Malawi’s music documentary titled Trésor and the Camp Musicians will this Sunday premiere on Al Jazeera English from 23:30 CAT.
According to a press statement from Al Jazeera Africa PR, the documentary tells the inspiring story of Trésor Nzengu Mpauni (aka Menes), who successfully crowd-funded a collaborative album between leading Malawian musicians and Congolese refugees – all from a refugee camp in Malawi where the 20 000 inhabitants aren’t legally allowed to work, or even to leave the camp without permission.
Trésor, who has been involved in several arts events and is currently working with Blantyre Arts Festival (BAF) lives at Dzaleka Refugee Camp, which has grown from a collection of tents in 1994 into a big village, but still depends on monthly food deliveries from the World Food Programme to survive.
The statement says like 500 000 other refugees around the world and most of the people at Dzaleka, Trésor fled the Democratic Republic of Congo (DRC).
As an up-and-coming musician and slam poet there, he became a victim of repeat attacks after performing a poem that spoke of the political situation in the country at that time, “of being dominated by war and dictatorship.”
University-educated and relatively privileged for most of his life, Trésor initially struggled to adapt to life in Dzaleka, until he discovered the camp was home to a wealth of musical talent, and even someone who made guitars.

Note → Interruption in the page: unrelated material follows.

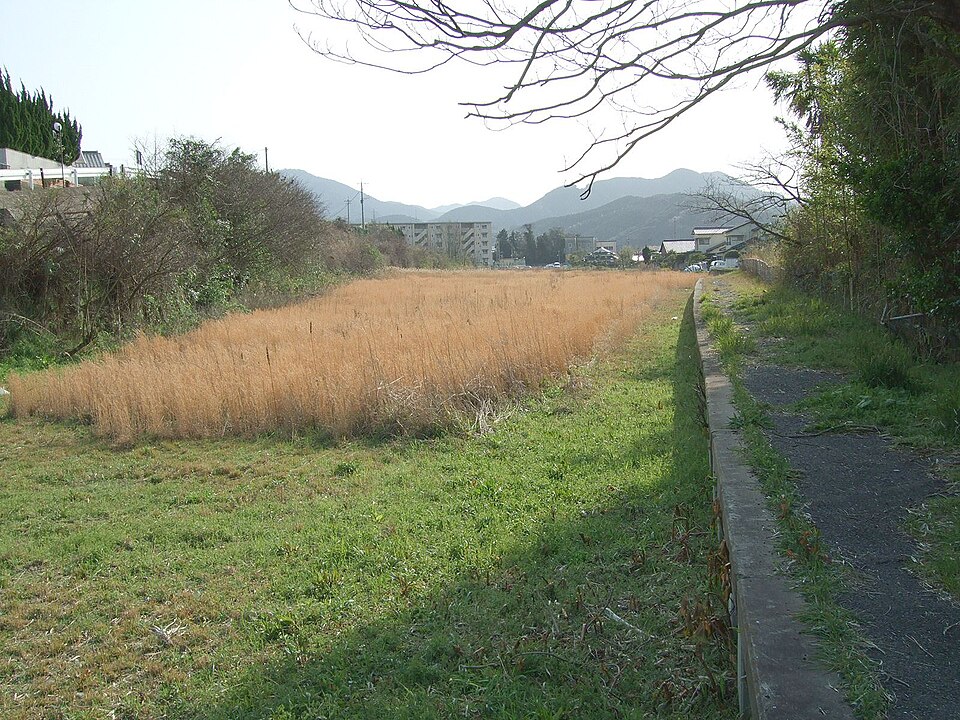 Fayl:Chikuzenmiyada Station ruin01.jpg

Determined that the skills within Dzaleka should not be wasted, Trésor approached Malawian artists, including hip hop star Third Eye, to collaborate on an album with the refugees, with the aim of fighting against xenophobia and challenging stereotypes through music.
Directed by South African Neil Shaw, Trésor and the Camp Musicians is a remarkable testimony to the power of the internet to uplift communities, and of how global platforms like Indiegogo and iTunes are creating new opportunities for artists in Africa.
According to the press statement, the documentary is also a reminder of the power of music, to heal and to unite.
Kano, the refugee guitarist on the album, fled the DRC after his parents were killed.
He says in the movie:
“When I sing, it helps me forget what happened in my country. This music gives me something beautiful, refreshes me, and makes me feel human.”
Tresor and the Camp Musicians premieres on Sunday, on Witness, Al Jazeera’s observational documentary strand, with additional screenings on 20 July at 10:30; July 21 at 04:30, July 22 at 17:30 and finally July 24 at 06:30.
Tresor was very excited yesterday that the documentary will screen on Al Jazeera and called on Malawians to take time and sample it.
“I am happy that the documentary will screen on Al Jazeera and I hope people will take time to sample it,” he said.